Of the studies that have experimentally examined AI warning labels, they have shown that while AI warnings labels are consistently effective compared to having no warning labels, their relative efficacy compared to other types of warning labels varies. For example, Yaqub et al.¹⁵ showed that labels from third-party fact checkers deterred the sharing of false news stories more than warnings from AI. On the other hand, Horne⁸ showed that AI warning labels decreased trust in false information modestly more than warning labels from third-party fact checkers, particularly for people who do not trust news organizations. Given these mixed results we suspect that people would transfer their reliance on ERH developed in the human fact-checking environment to the algorithmic one. However, due to the variability in accuracy and coverage from human fact-checkers to algorithmic models or even between different algorithms, what once was ecologically rational may no longer be so.

Hence, in a series of three studies, we explore the following research questions: (RQ1) do people rely on warning labels as heuristics in forming judgement on news veracity, even when those labels are incorrect? And (RQ2) If people indeed continue to rely on erroneously placed labels, can ecological rationality explain this over-reliance? We present the empirical studies first and discuss the important implications of this study in the following sections.
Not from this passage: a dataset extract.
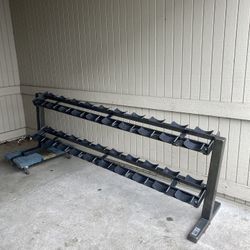 Dumbbells Rack 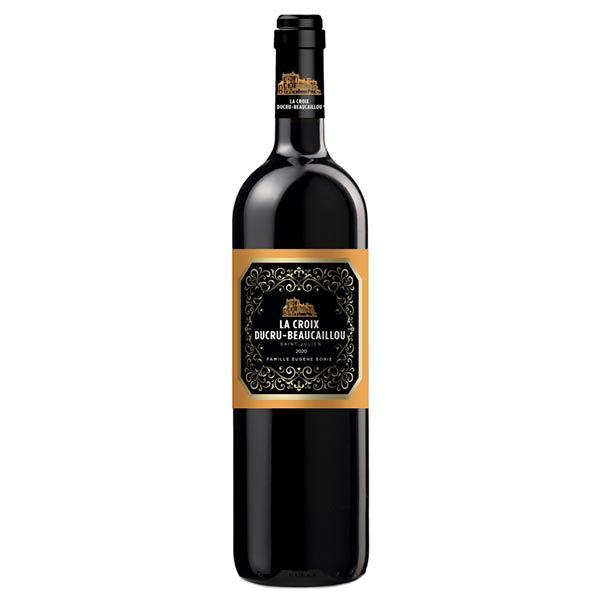 La Croix Ducru-Beaucaillou Red Bordeaux 2020 | Wegmans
Empirical studies: trust in news with attached warning labels

We designed three experiments to explore the impact of erroneously placed warning labels on trust in information, and whether rational adaptations to current media environments explain the errors made by participants. Our design in all three studies is a 2 × 2 online experiment where warning labels are either correctly placed on false news and not placed on true news, versus falsely placed on true news and not placed on false news. This design is illustrated in Table 1.

Table 1 Types of trust errors by consumers when warning labels are correctly or incorrectly placed.

Full size table

The study task, under all conditions, was the same: observe a news headline, with or without a warning label, and indicate the extent to which you trust this news headline, where trust is a uni-dimensional conceptualization ranging from strongly distrust to strongly trust. We chose a uni-dimensional conceptualization trust to align with prior warning label studies that examined trust (e.g. Ref.⁸).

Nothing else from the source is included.